DATA:
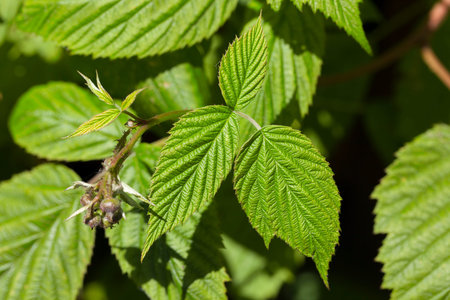 a few leaves of green raspberries in the garden before the plants start flowering, details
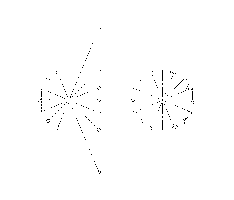 Torque Angles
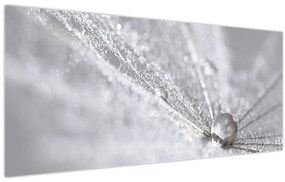 Tablou - Picătură de apă (120x50 cm)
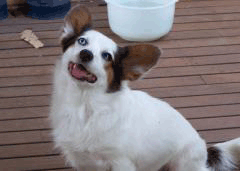 Rescued Maltese X Dog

DIRECTIONS: Write out the whole listing exactly, and drop the pictures.

OUTPUT:
 a few leaves of green raspberries in the garden before the plants start flowering, details
 Torque Angles
 Tablou - Picătură de apă (120x50 cm)
 Rescued Maltese X Dog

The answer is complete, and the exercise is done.